“Stay away from the animal, if it really concerns you give APD a call,” Lieutenant Hector Meletich with the Ashland Police Department said. “Don’t approach it, there is no reason to approach it.”
Police say a resident found a dead deer on her property and reported seeing the cat near Hargadine Street.
The cougar sighting has some nearby residents worried.
“It makes me concerned and I think people need to be careful,” Laura, an Ashland resident said. “I might hesitate until they know what’s going on walking on Hargardine by myself at night for sure, or at dusk.”
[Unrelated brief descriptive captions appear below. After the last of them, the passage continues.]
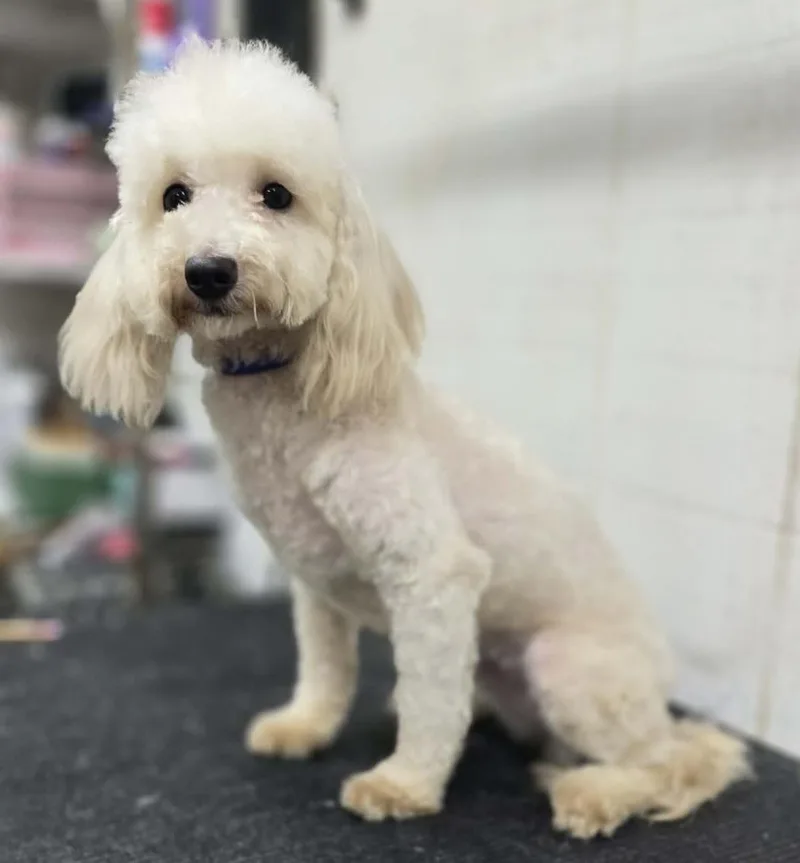 A young small-sized female White / Cream Maltipoo dog named Sadie for adoption in Wheelersburg, OH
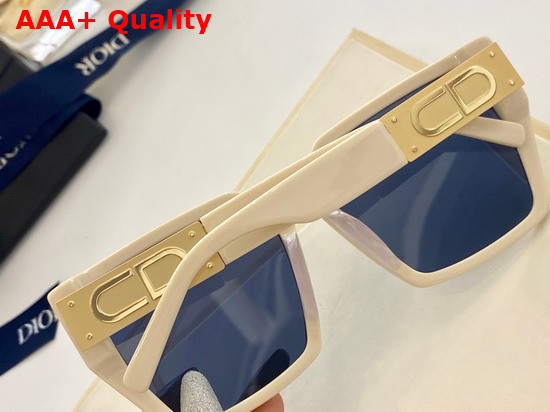 Dior CD Sunglasses Leopard Detail Replica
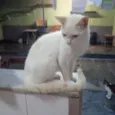 Lui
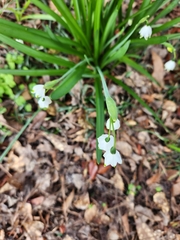 Leucojum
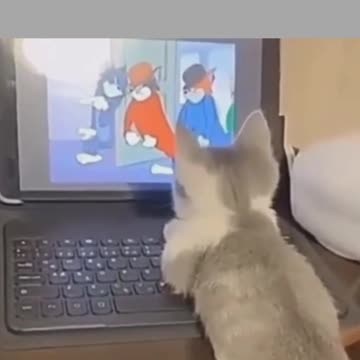 all kids love cartoons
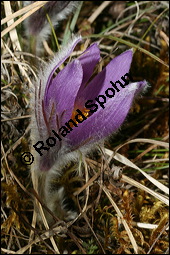 Gewöhnliche Küchenschelle, Gewöhnliche Kuhschelle, Pulsatilla vulgaris, Ranunculaceae, Pulsatilla vulgaris, Gewöhnliche Kuhschelle, Gewöhnliche Küchenschelle, Blühend Kauf von 00868pulsatilla_vulgarisimg_5453.jpg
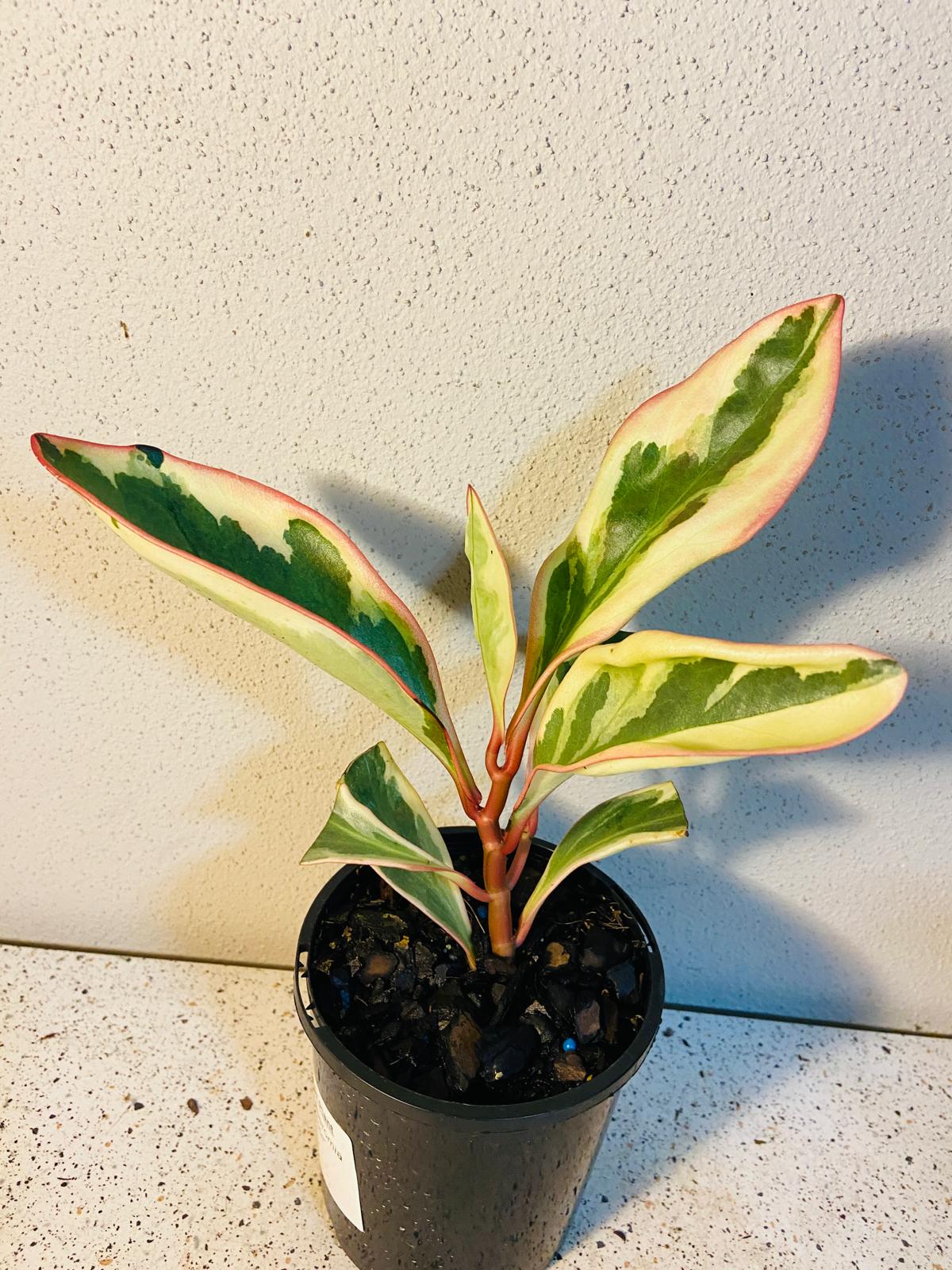 Peperomia Tricolour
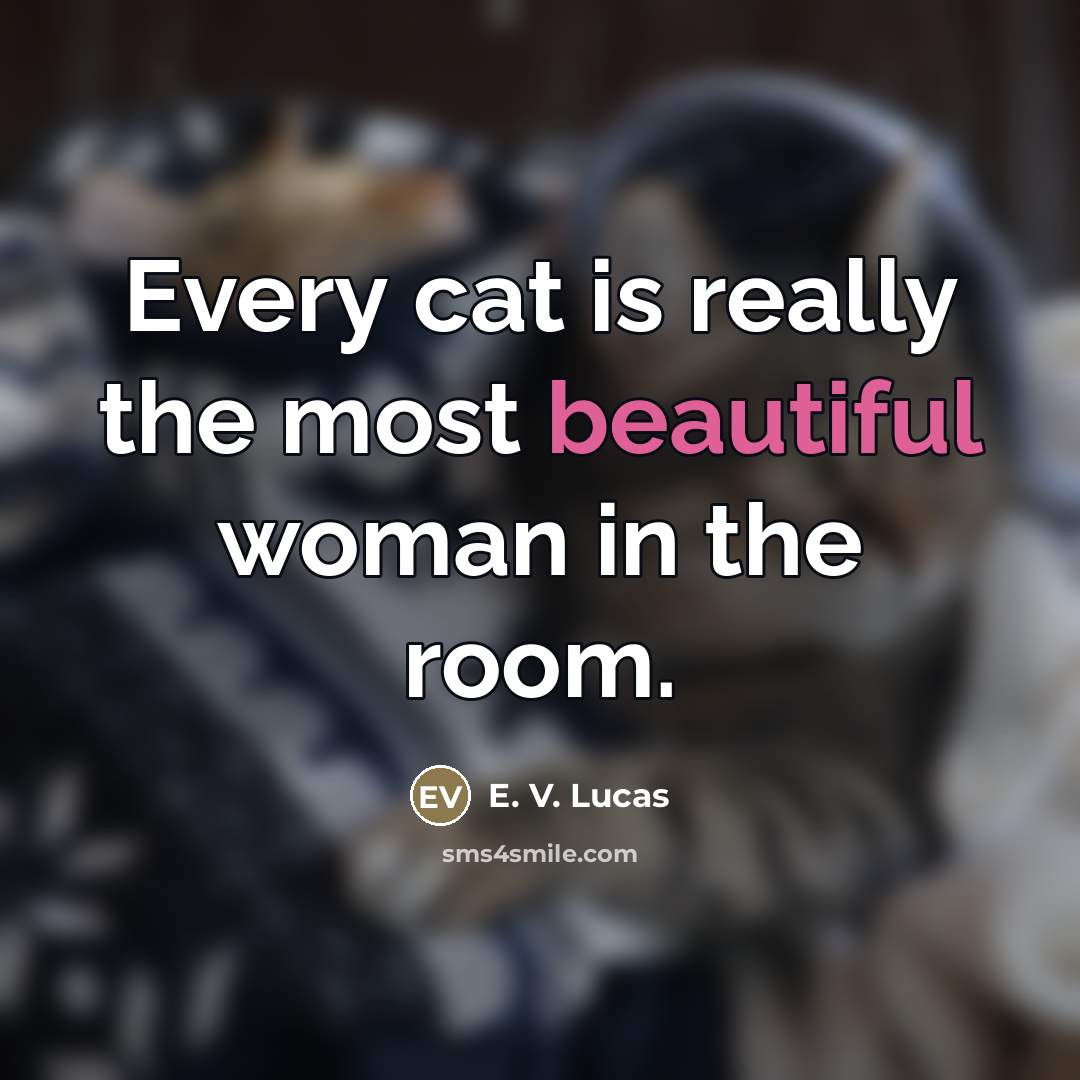 “Every cat is really the most beautiful woman in the…” quote by E. V. Lucas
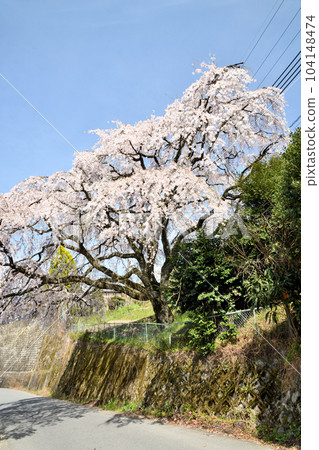 Tochihara's weeping cherry tree [Shitaichi Town, Nara Prefecture] 104148474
If you see a cougar, Wildlife Biologist Steve Niemela offers these tips.
“Try and make yourself look big, you don’t want to look like a prey item,” he said. “Look the animal directly in the eye, say something to the animal, and it’s probably going to go away.
Niemela adds after shouting loudly, back away from the animal slowly, and don’t run.
While Oregon Department of Fish and Wildlife say calls about cougars are fairly common in Southern Oregon, relocating the animal is usually not best.
“Doesn’t matter how far you move them away, they’re still going to find their way back to where they came from.” Niemela said. “The other thing is, if you’re having safety issues with an animal and you move it somewhere else, you’ve just moved an animal that’s potentially a threat into someone else’s backyard.”
If cougars do appear to be a threat, ODFW says they’ll be forced to euthanize it. The agency is hoping this cat will simply move on.
Oregon doesn’t have any recorded cougar attacks on people, still, it’s important to give the predator plenty of distance if you see one. And be sure to call 911, as well as the Oregon Department of Fish and Wildlife.